━━━ PROVIDED MATERIAL ━━━
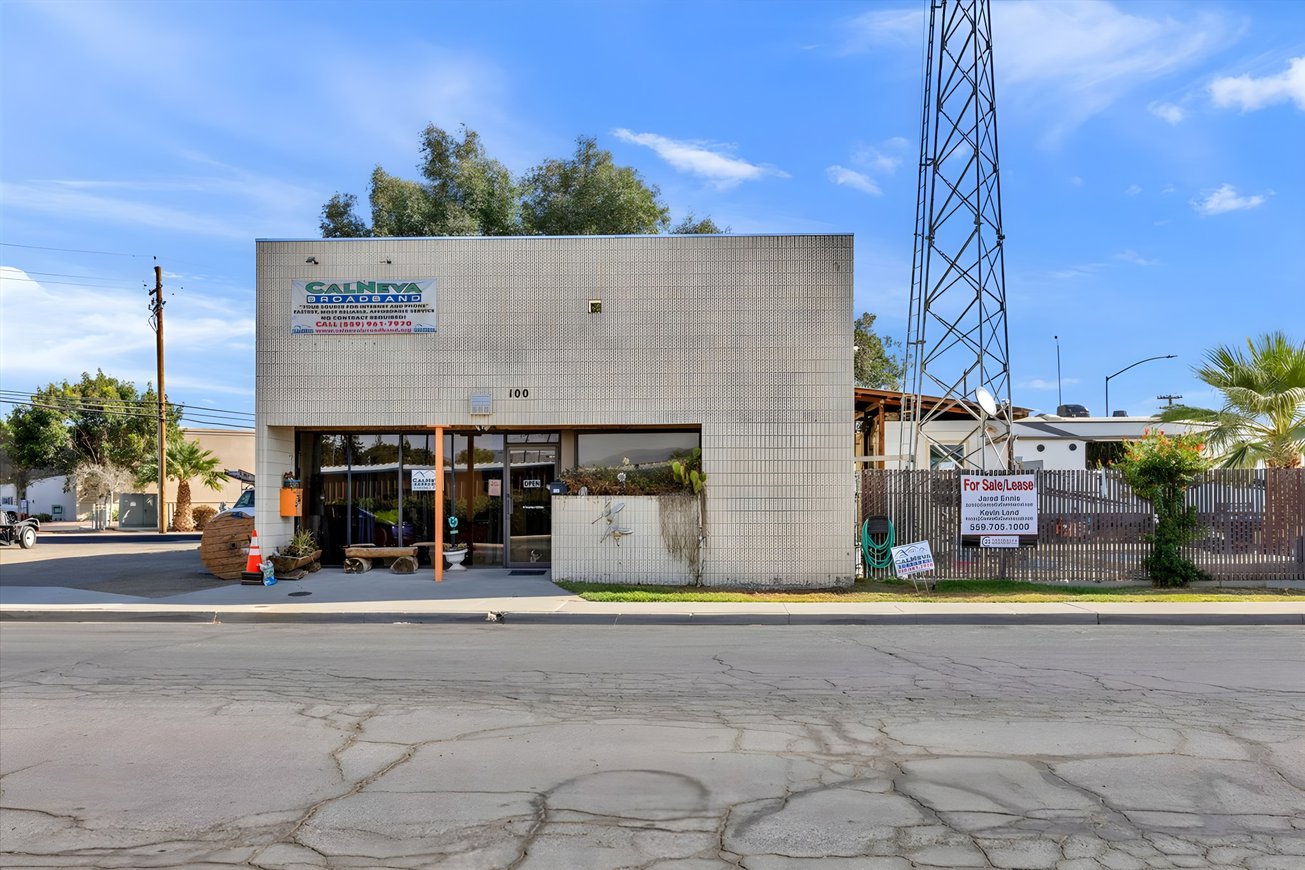 100 1st Street Office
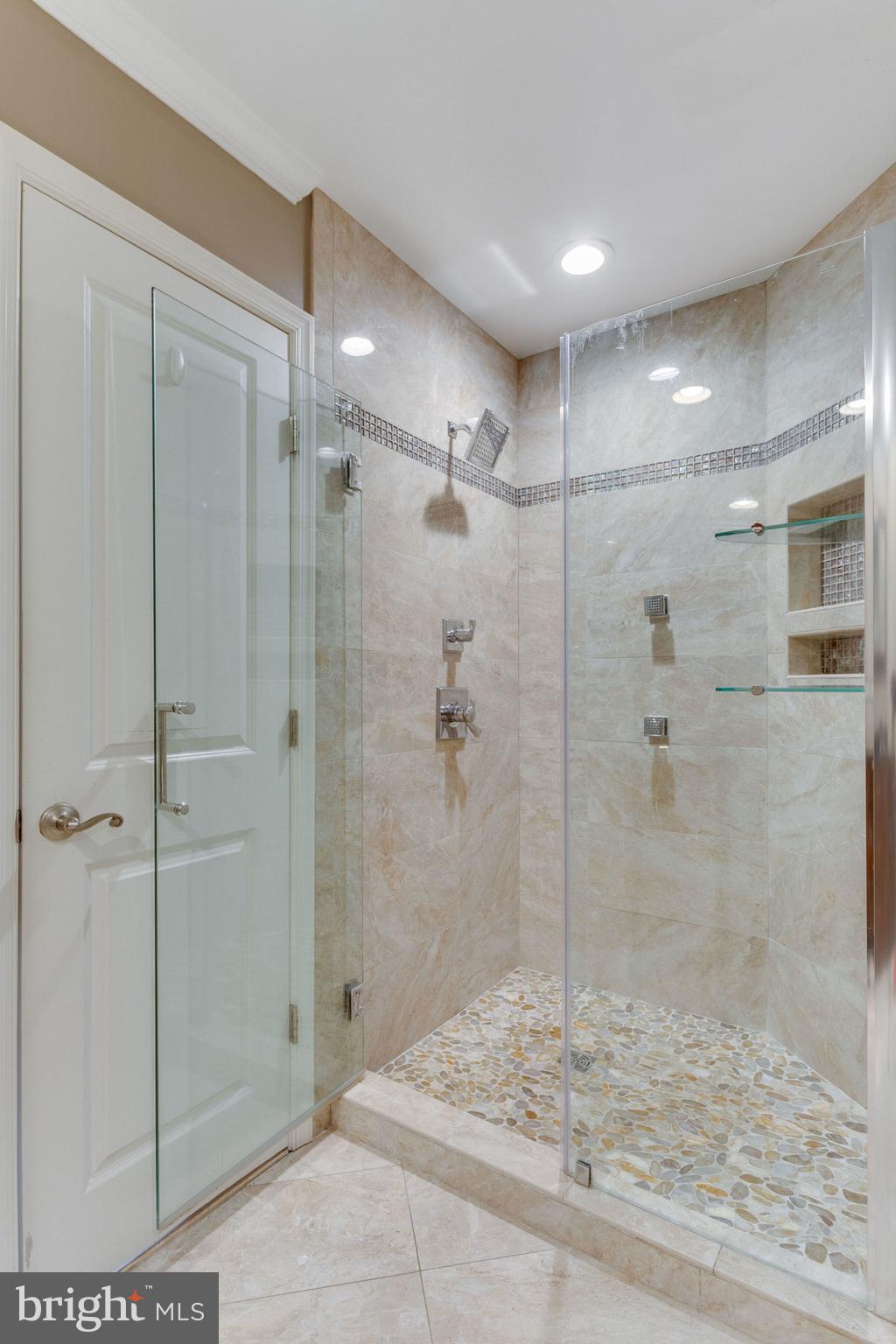 PEMBROOKE - Residential Lease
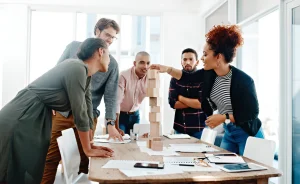 Read more about the article Top 21 Fun Office Games That Promote Teamwork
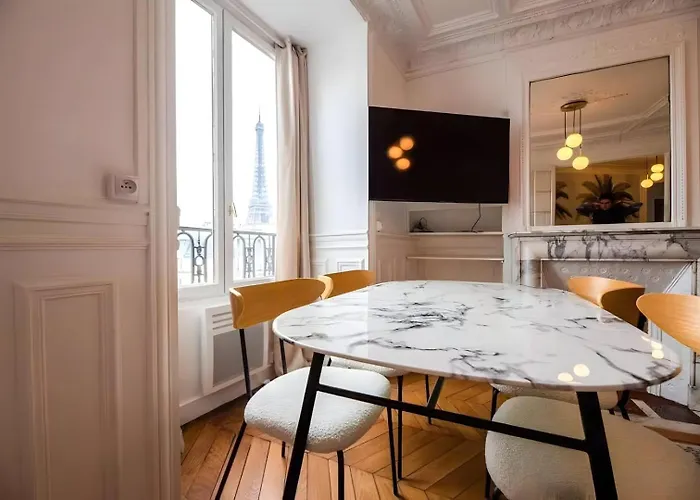 Appartement Tbs 327 - Superb With Eiffel Tower View Paris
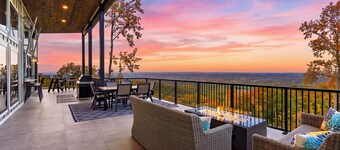 Indoor Saltwater Pool + Arcade + Fire Pit | Peak Views | Grand Vista Retreat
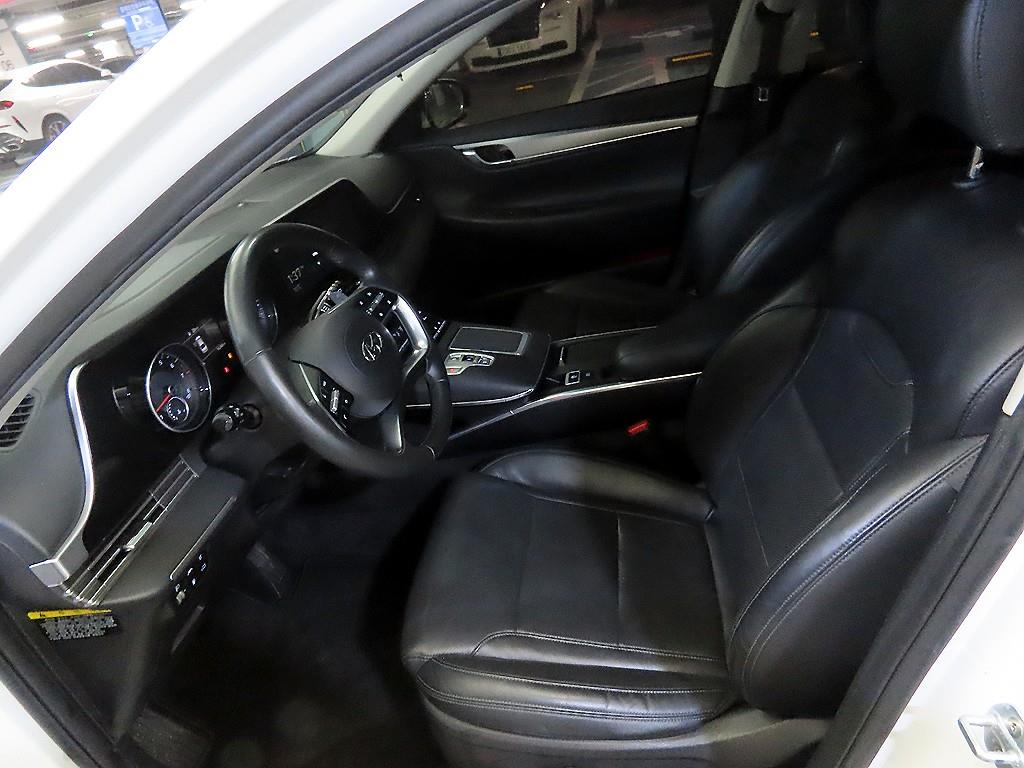 HYUNDAI Grandeur - Vista 6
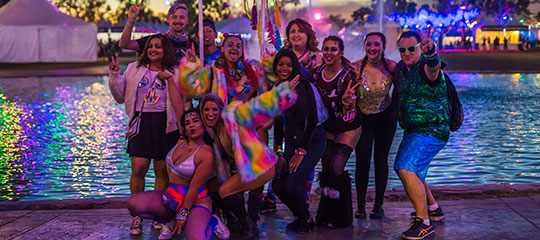 A group of happy Headliners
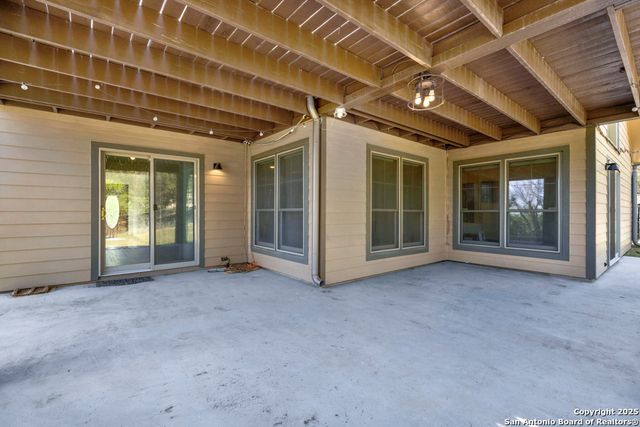 7 Moss Rock, New Braunfels, TX 78130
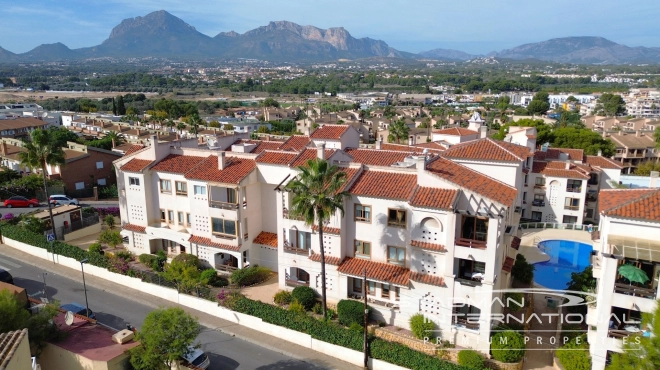 Penthouse avec Terrasse Orientée au Sud dans le Centre d’Albir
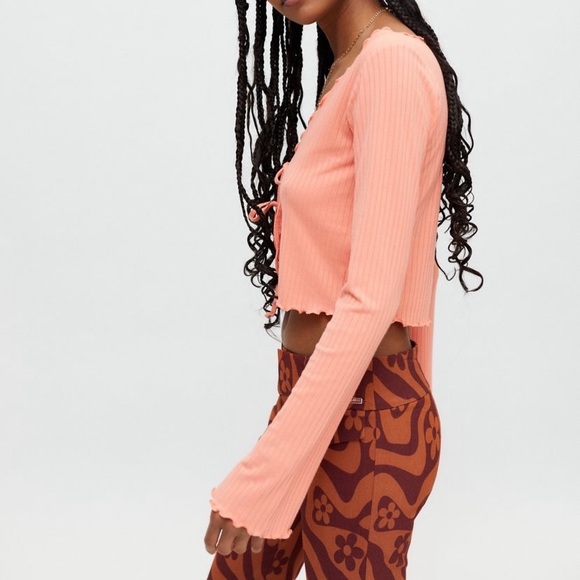 Urban Outfitters Leila Ribbed Tie-Front Top NWT Size M - Picture 4 of 8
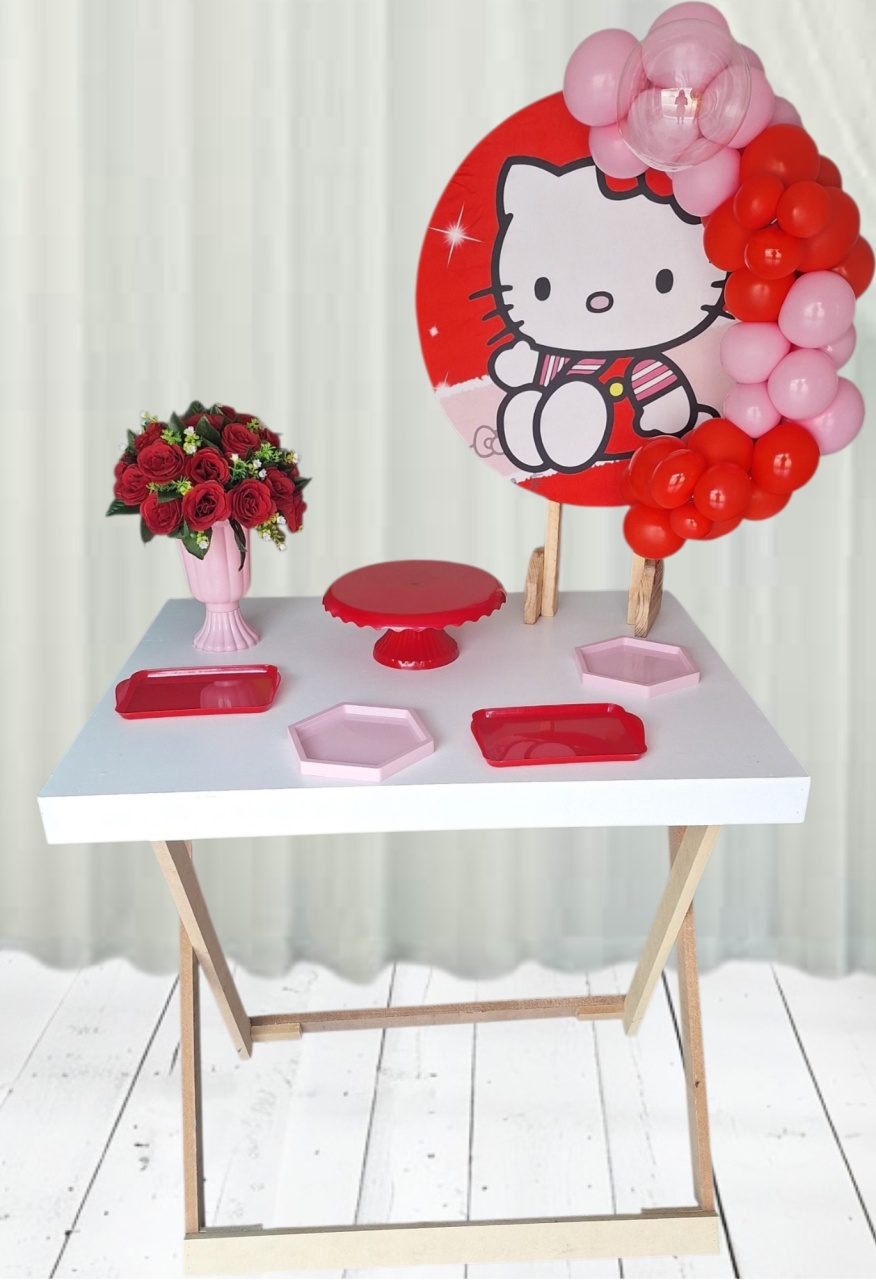 Festa Na Mesa Hello Kitty Vermelha Com Mesa Cavalete - Pegue e monte Festança 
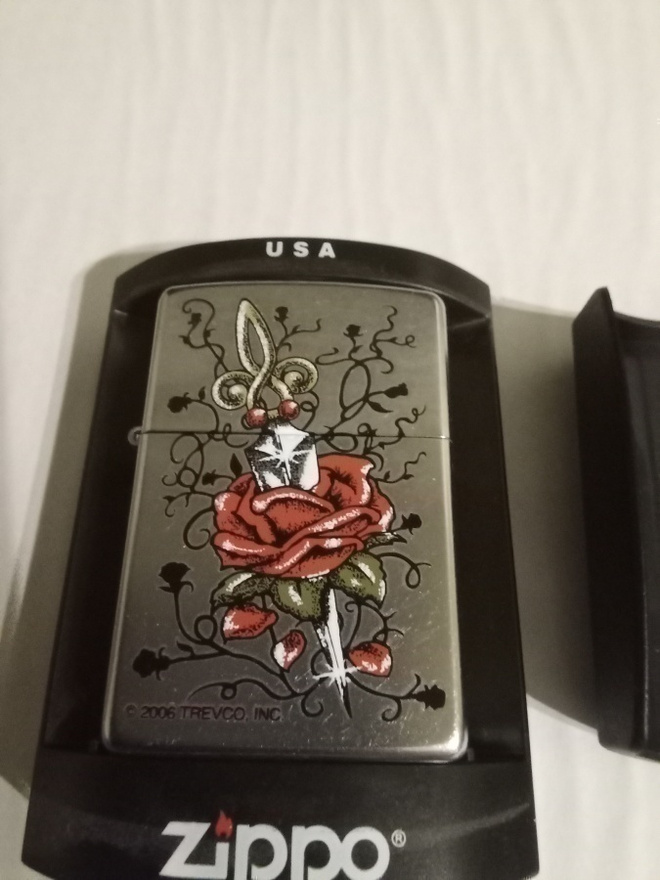 Zippo Daggered Rose Uusi Aito Kotelossaan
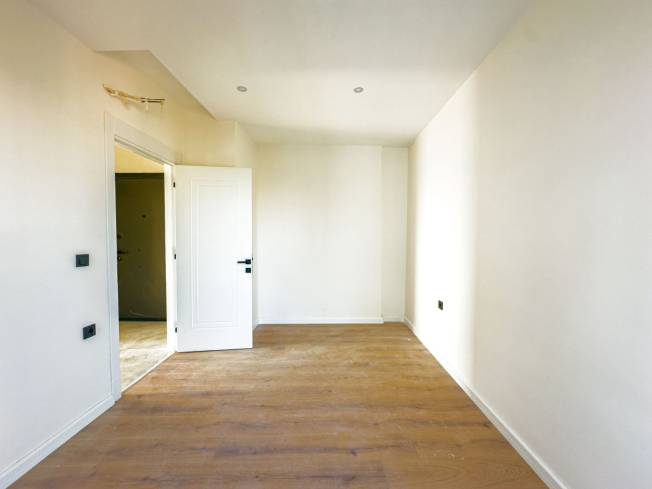 Modern 1+1 Apartment in the New Premium— 11th Floor with Views & Full Facilities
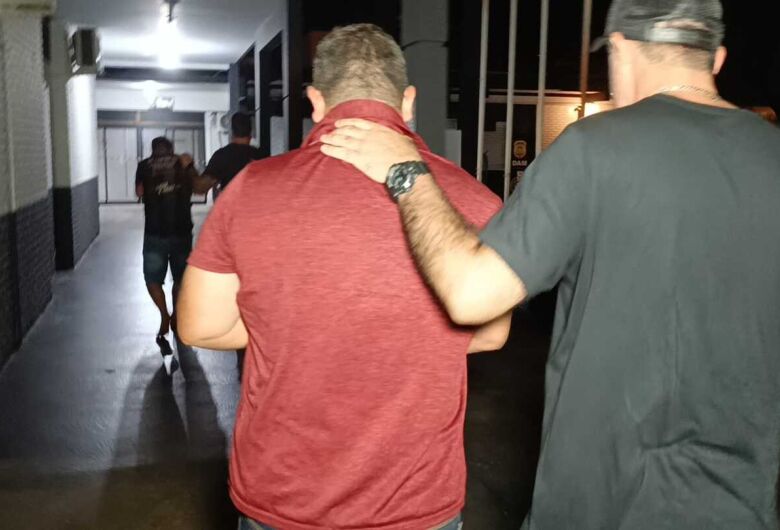 Dupla flagrada com 157 kg de pasta base em Dourados tem prisão mantida pela Justiça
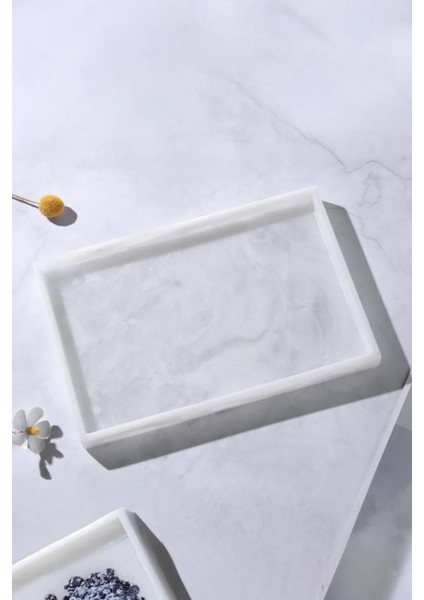 Beyaz Çok Amaçlı Polyresin Tepsi, Şık ve Kullanışlı Ev Dekoru Öğesi fiyatları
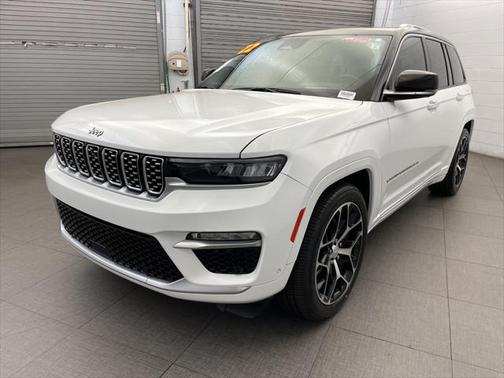 2022 Jeep Grand Cherokee Summit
━━━
All that should be printed is the lines from the one containing "Beyaz Çok Amaçlı" through the last line of the material above, both ends included, exactly as they stand; please skip the pictures.

 Beyaz Çok Amaçlı Polyresin Tepsi, Şık ve Kullanışlı Ev Dekoru Öğesi fiyatları
 2022 Jeep Grand Cherokee Summit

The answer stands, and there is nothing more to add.